One common challenge to overcome when dealing with reflux is that since the baby experiences pain when he eats, he may decide he doesn’t want to nurse. This can be terribly frustrating for both you and your baby, and can result in low weight gain. If he needs to be supplemented, you can pump after feedings to get high calorie hindmilk and supplement with that instead of formula. If you don’t want to use bottles, see the article Introducing Bottles and Pacifiers to the Breastfed Baby, for information on alternate feeding methods.
Experiment with the suggestions in this article, because what works for one baby may not work for another. Work closely and communicate with your baby’s health care providers, because treatment of reflux can require adjusting medications and trying different options until you find what works for your baby.
Make sure that you have lots of support and help for you and your family while you are dealing with the stress of an unhappy baby.

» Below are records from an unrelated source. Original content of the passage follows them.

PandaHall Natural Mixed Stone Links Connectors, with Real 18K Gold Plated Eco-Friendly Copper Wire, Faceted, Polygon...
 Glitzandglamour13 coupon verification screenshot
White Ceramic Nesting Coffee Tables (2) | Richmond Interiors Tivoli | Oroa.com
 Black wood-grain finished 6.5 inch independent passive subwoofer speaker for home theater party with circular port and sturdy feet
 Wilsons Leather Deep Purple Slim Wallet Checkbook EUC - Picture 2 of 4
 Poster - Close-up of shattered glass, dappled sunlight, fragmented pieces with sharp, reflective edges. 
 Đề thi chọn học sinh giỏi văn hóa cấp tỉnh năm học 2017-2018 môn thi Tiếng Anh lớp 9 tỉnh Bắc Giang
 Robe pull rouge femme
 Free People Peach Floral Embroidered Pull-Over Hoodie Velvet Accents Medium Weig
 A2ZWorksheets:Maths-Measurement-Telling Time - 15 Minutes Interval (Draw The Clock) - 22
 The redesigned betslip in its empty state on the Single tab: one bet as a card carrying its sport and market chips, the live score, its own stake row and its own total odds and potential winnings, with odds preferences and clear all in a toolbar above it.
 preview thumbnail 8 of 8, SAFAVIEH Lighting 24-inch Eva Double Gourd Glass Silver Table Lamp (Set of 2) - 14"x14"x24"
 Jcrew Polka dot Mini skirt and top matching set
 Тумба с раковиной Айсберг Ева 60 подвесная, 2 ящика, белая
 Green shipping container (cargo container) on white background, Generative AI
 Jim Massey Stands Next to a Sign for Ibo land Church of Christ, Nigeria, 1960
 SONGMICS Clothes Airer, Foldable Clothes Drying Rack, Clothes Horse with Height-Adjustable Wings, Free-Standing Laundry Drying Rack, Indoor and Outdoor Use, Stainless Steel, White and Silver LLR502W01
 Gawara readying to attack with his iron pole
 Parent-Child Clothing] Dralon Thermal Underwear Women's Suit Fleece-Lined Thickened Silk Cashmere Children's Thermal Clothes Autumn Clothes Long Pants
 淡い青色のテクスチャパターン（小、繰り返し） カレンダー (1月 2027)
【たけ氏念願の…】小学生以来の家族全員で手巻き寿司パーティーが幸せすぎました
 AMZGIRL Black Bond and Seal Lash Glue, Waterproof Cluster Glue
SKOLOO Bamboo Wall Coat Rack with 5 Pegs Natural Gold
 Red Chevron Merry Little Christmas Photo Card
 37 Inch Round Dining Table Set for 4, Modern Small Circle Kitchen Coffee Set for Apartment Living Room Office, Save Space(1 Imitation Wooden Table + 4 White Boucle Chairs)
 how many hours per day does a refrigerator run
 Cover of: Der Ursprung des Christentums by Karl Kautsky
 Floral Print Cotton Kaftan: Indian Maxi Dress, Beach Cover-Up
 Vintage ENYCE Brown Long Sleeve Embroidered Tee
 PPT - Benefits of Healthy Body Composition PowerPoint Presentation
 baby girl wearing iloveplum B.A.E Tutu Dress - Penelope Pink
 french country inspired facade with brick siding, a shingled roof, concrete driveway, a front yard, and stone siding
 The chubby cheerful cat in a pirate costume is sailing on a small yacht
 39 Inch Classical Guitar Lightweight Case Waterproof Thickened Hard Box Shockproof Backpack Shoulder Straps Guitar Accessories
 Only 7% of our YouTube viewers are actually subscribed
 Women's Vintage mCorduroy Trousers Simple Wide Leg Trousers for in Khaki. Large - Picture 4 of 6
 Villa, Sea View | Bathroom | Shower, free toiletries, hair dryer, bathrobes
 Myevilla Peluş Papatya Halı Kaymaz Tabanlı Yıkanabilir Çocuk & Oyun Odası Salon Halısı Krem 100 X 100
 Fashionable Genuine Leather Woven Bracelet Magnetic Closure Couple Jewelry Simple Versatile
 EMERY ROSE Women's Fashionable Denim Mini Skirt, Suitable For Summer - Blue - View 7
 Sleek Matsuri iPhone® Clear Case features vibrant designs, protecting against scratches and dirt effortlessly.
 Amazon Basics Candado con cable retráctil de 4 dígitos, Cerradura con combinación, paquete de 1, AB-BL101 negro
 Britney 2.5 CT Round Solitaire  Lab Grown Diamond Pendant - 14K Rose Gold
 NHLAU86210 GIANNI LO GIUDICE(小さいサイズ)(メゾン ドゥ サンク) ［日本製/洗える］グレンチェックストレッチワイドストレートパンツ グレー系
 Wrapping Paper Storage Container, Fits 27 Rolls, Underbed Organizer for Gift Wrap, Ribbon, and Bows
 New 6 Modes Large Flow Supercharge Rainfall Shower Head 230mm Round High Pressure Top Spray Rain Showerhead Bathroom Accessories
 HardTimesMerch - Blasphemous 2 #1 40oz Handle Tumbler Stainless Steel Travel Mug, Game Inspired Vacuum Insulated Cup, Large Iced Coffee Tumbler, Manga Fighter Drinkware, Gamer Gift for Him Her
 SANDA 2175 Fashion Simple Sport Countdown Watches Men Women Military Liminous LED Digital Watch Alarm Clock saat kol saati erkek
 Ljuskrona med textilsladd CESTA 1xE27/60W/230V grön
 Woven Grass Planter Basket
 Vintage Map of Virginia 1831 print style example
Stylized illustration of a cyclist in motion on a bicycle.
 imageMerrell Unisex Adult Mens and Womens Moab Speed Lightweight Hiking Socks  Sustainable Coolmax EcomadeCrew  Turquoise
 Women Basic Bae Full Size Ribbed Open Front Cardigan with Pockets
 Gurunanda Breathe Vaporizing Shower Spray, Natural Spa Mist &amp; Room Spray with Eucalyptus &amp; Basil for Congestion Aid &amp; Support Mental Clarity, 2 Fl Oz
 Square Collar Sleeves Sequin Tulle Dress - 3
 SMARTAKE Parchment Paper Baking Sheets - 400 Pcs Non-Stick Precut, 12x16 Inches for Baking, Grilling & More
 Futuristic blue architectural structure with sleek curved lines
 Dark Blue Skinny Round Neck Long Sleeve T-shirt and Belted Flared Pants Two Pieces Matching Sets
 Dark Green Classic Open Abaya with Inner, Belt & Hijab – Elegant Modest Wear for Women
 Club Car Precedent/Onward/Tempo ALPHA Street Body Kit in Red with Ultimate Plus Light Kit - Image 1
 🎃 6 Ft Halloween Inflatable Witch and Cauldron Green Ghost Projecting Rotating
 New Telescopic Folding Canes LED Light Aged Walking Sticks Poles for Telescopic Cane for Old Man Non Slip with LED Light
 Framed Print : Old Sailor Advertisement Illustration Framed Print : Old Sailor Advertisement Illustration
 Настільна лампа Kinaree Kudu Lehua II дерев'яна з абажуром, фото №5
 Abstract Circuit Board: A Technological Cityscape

Ask for help! Let someone bring you meals or take your older kids for a while. A great support group for parents dealing with reflux is PAGER (Pediatric/Adolescent Gastroesophageal Reflux Association). PAGER is a national organization that provides information and support to families who have children with reflux. They have brochures, hold monthly meetings, and publish a monthly newsletter. Their website address is www.reflux.org.
If your baby has reflux, try to keep a positive attitude, and remember that in almost all cases, spitting up and reflux occurs in healthy babies who just need a little more time to grow. Before you know it, your fussy baby will be a teenager and getting his driver’s license, and then you’ll really have something to worry about!